Even in the last union budget, which followed in the wake of a severe drought in the many parts of country and floods in other parts, affecting half of the districts in the country, we saw the food subsidy slashed by Rs 424 crore. The fertiliser subsidy has been reduced by Rs 3000 crore, even after 10 per cent increase of urea price, and the rural development expenditure is down to an all time low of 3.7 per cent this year, compounding the crisis.

The Mahatma Gandhi National Rural Employment Guarantee Act (MGNREGA), which started out with a budget of Rs 54 crore per district, is now floundering at about Rs 26 crore per district. Most of the states in the country have failed to provided even 37 days of work a year. In this regard, the CWC lauded Tripura’s performance as it provides one of the best examples of reaching the benefits of the scheme to our hard-pressed rural people. In many panchayats in Tripura, agricultural workers got 100 days of work. The AIAWU took up this matter in various states. In Andhra Pradesh, it organised movements in many districts; Tamilnadu too did good work in this regard after Tripura and Kerala.

The CWC meeting expressed serious concern over the unprecedented price rise of all essential commodities. At a time when food inflation has risen to nearly 18 per cent and there appears to be no attempts by the government to arrest this trend, the meeting appreciated the role of Kerala government in raising the quota system for the below-poverty-line (BPL) people, providing rice at Rs 2 per kg to all those who need it. The meeting criticised the central government for not taking any imitative to strengthen and expand the public distribution system (PDS) but comprising to abolish it and throw people at the mercy of the market forces. Instead of providing food from its huge buffer stock through the PDS, it has released food at subsidised rate to private traders who are making more profit by hording and creating unnatural scarcity instead of lowering the prices. The case of sugar price is a pointer.

Besides the above economic aspects of rural poor, the meeting expressed its solidarity with government of West Bengal which is facing all out from all reactionary forces and also battling to self styled Maoist menace creating panic among rural masses with shameless support from the elements who are past of the UPA government. It is to the credit of West Bengal government that the has not deteriorated in Bengal as in Jharkhand and Chhatisgarh.

In this context, the meeting reviewed the organisational situation. The activists of our union has increased to some extent. During last 6th All India conference union activities were spread in 177 district of 12 states. During last three years, the union reached the rural masses of 198 districts of those 12 states. The membership also increased and it will is expected to reach 5 million in this current year.
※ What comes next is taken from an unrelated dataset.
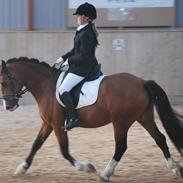 Welsh Cob (sec D) Mailunds Sir Hopkins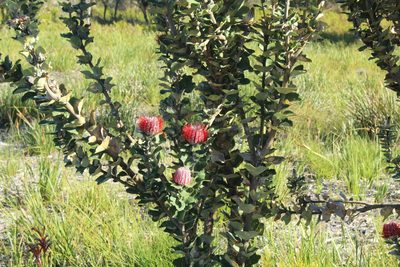 Banksia coccinea, photographed by Em Lamond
The 7th All India conference will be held from July 17 to 19, 2010 at Trichipally district of Tamilnadu. The preparation is in full swing. Before that all state level conference will be completed by the month of June. Lower level conference are going on in different state. The meeting discussed the perspective of the organisation to be decided in the seventh conference in the serious condition of crisis our agrarian economic in engulfed today.

In these conditions, this is no alternative to relentless struggles until the forces then rule the country to day have to change their policies. They will not do so easily. So we call upon all agricultural workers to join the left, in the massive “Jail Bharo” movement being launched on April 8. We have no other alternative but to fight for work, food and self-respect. And the union had decided to through itself into independent and joint struggles under the leadership of our organisation in all states in the country.